Mannophryne larandina
- Conservation status: Data Deficient (IUCN 3.1)

Scientific classification
- Kingdom: Animalia
- Phylum: Chordata
- Class: Amphibia
- Order: Anura
- Family: Aromobatidae
- Genus: Mannophryne
- Species: M. larandina
- Binomial name: Mannophryne larandina (Rivero, 1984)
- Synonyms: Colostethus larandinus Yústiz, 1991; Mannophryne larandina Mijares-Urrutia and Arends-R., 1999;

= Mannophryne larandina =

- Authority: (Rivero, 1984)
- Conservation status: DD
- Synonyms: Colostethus larandinus Yústiz, 1991, Mannophryne larandina Mijares-Urrutia and Arends-R., 1999

Species of frog

Mannophryne larandina, or the Lara Andean collared frog, is a species of frog in the family Aromobatidae.
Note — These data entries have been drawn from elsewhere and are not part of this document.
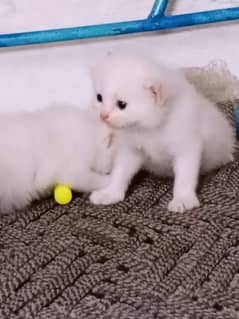 White and brow balack Persian cat babies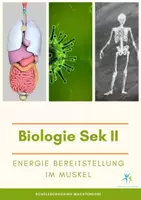 Vorschau - Arbeitsblätter - Energie Bereitstellung am Muskel Aufgaben + Lösung - Deckblatt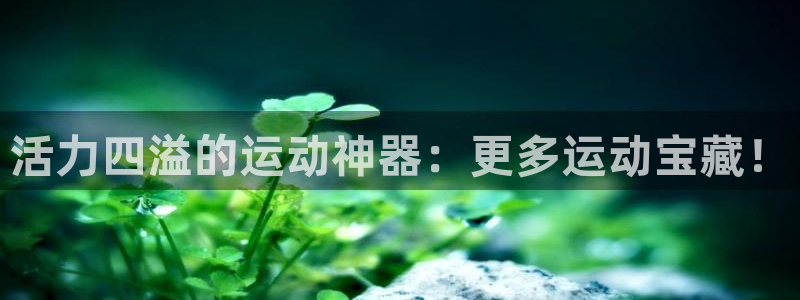 征途国际官网:活力四溢的运动神器:更多运动宝藏!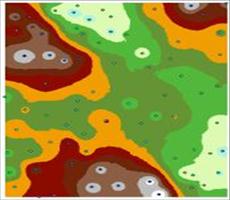 ArcGIS教程：了解插值分析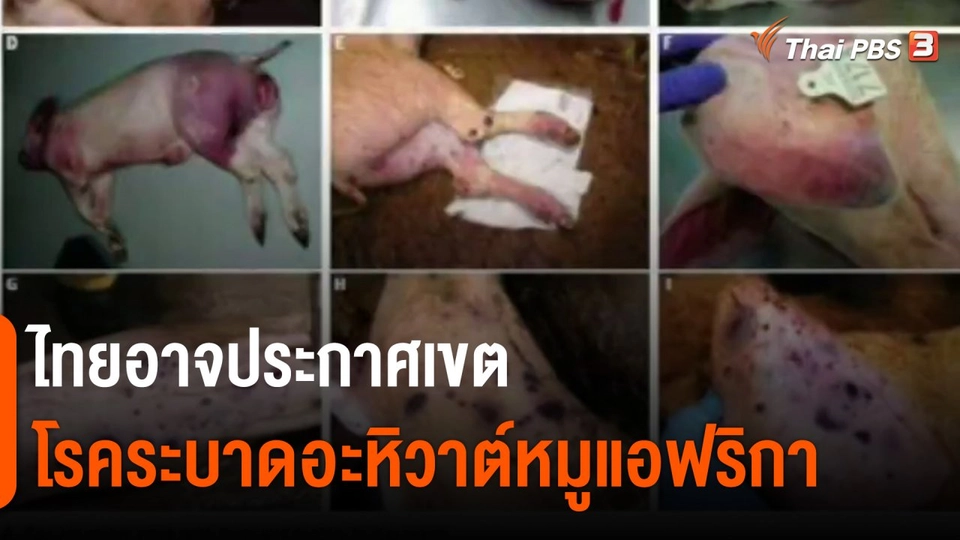 ​ไทยอาจประกาศเขตโรคระบาดอะหิวาต์หมูแอฟริกา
It is endemic to the Venezuelan Andes and has been found in Lara.

==Taxonomy==
Scientists suspect this frog may be synonymous with Mannophryne yustizi, but no reports confirming this have yet been published.

==Habitat==
This frog lives in forests on mountains. Scientists observed it 1800 meters above sea level.

While there are no reports of this animal in any protected park, it was found near Parque Nacional Dinira.

==Reproduction==
Scientists infer that this has similar reproductive patterns to other frogs in Mannophryne: The female frog lays eggs on land. The male frog guards the eggs. After the eggs hatch, the male frogs carry the tadpoles to water.

==Threats==
The IUCN classifies this frog as data deficient. Its probably threats include habitat loss in favor of agriculture.